◆ **What you should do**
Leave out the pictures and retype everything else in the records below exactly.

+++ Data section +++

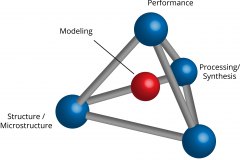 model-material-materials-science-characterization-modeling-tetrahedron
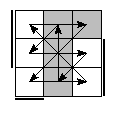 oe=0101&oc=2202&pe=2310&pc=3201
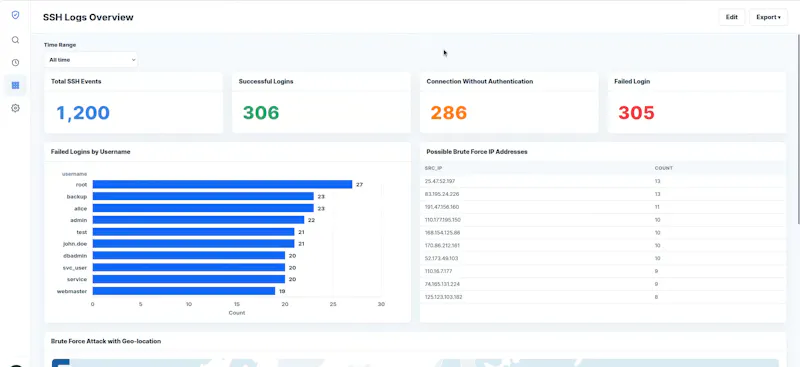 Shieldlix screenshot 2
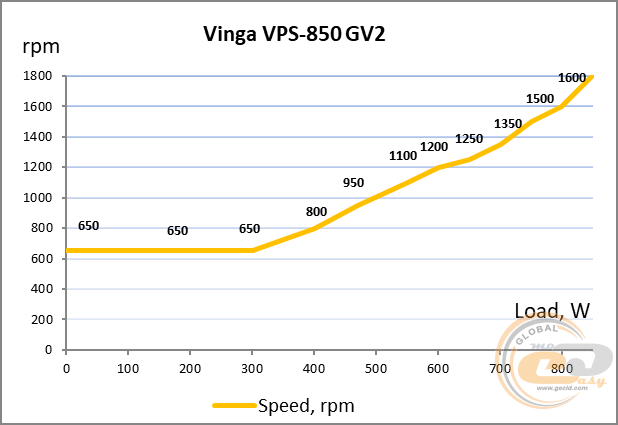 Vinga VPS-850GV2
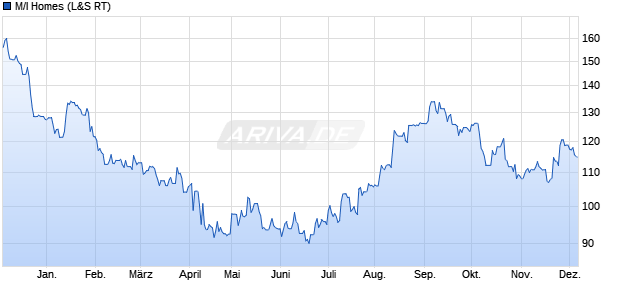 M/I Homes Aktie Chart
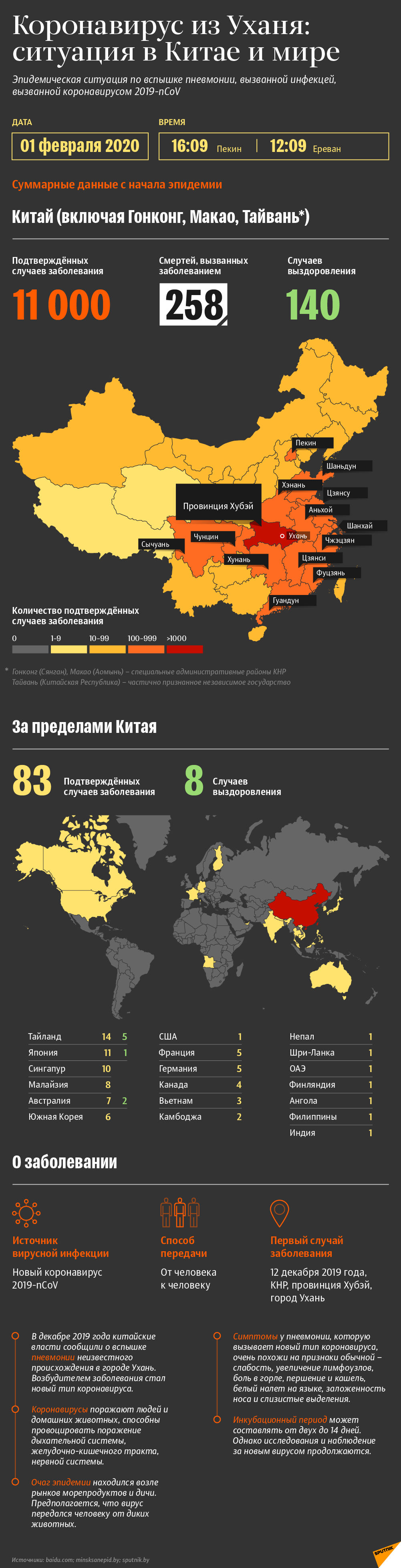 Коронавирус из Уханя: эпидемическая ситуация в Китае и мире | Инфографика sputnik.by - Sputnik Армения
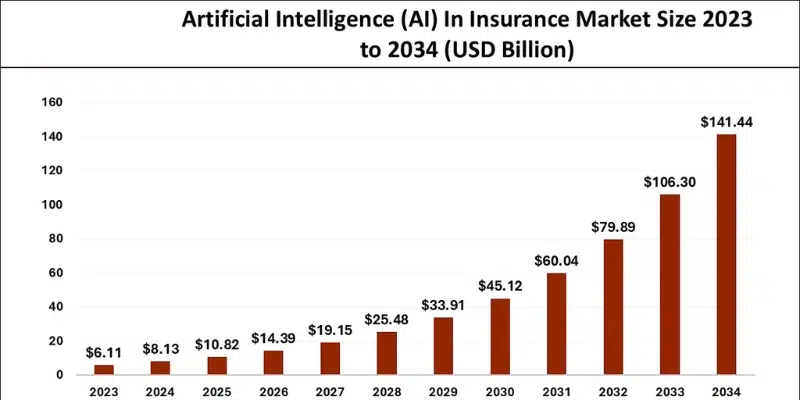 agentic ai in insurance market Image
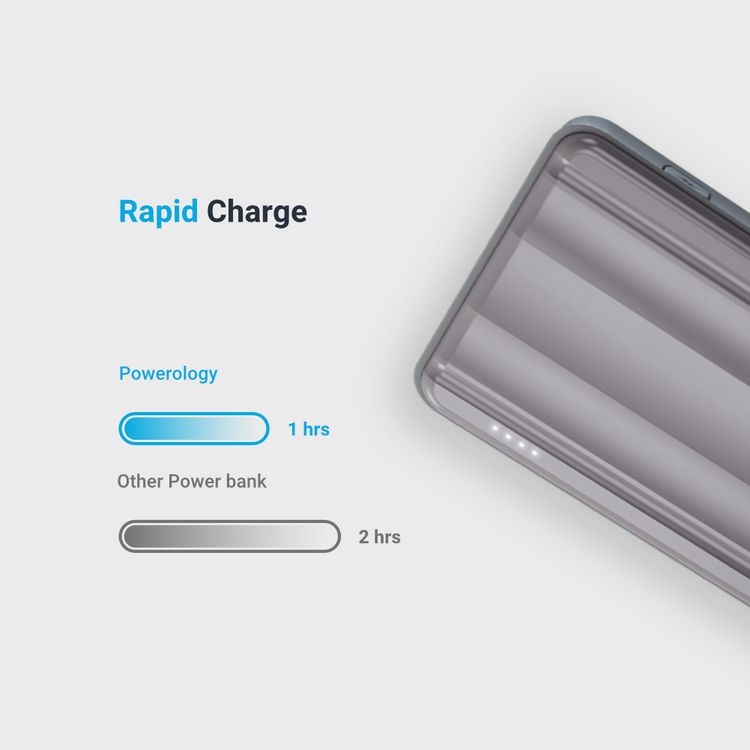 Powerology Slim PD Power Bank 10000mAh 18W - Gray
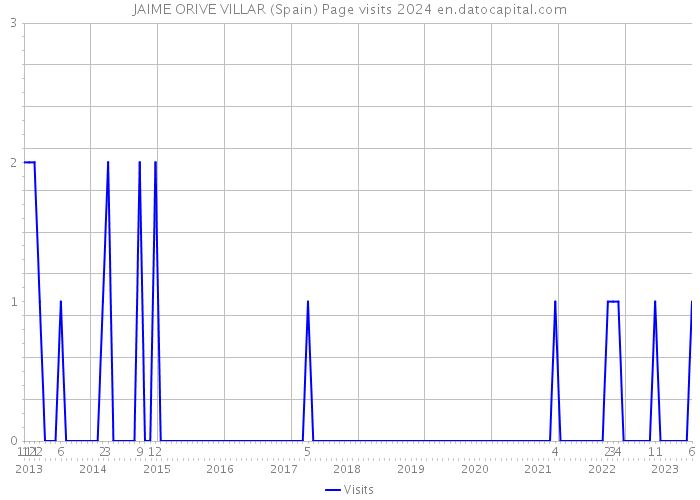 JAIME ORIVE VILLAR (Spain) Page visits 2024 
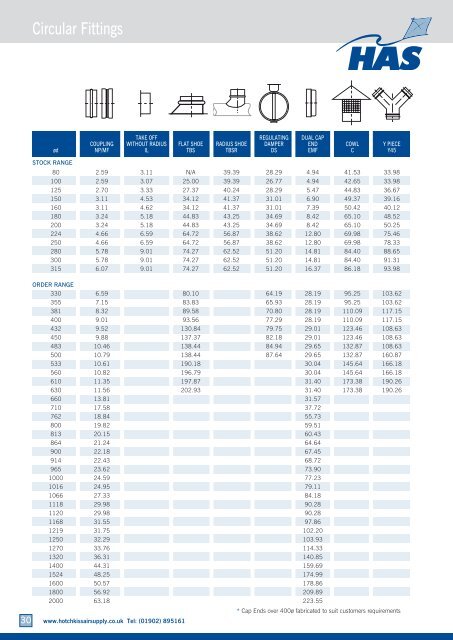 Issue Price List - Hotchkiss Air Supply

+++

◆ **Final answer**
 model-material-materials-science-characterization-modeling-tetrahedron
 oe=0101&oc=2202&pe=2310&pc=3201
 Shieldlix screenshot 2
 Vinga VPS-850GV2
 M/I Homes Aktie Chart
 Коронавирус из Уханя: эпидемическая ситуация в Китае и мире | Инфографика sputnik.by - Sputnik Армения
 agentic ai in insurance market Image
 Powerology Slim PD Power Bank 10000mAh 18W - Gray
 JAIME ORIVE VILLAR (Spain) Page visits 2024 
 Issue Price List - Hotchkiss Air Supply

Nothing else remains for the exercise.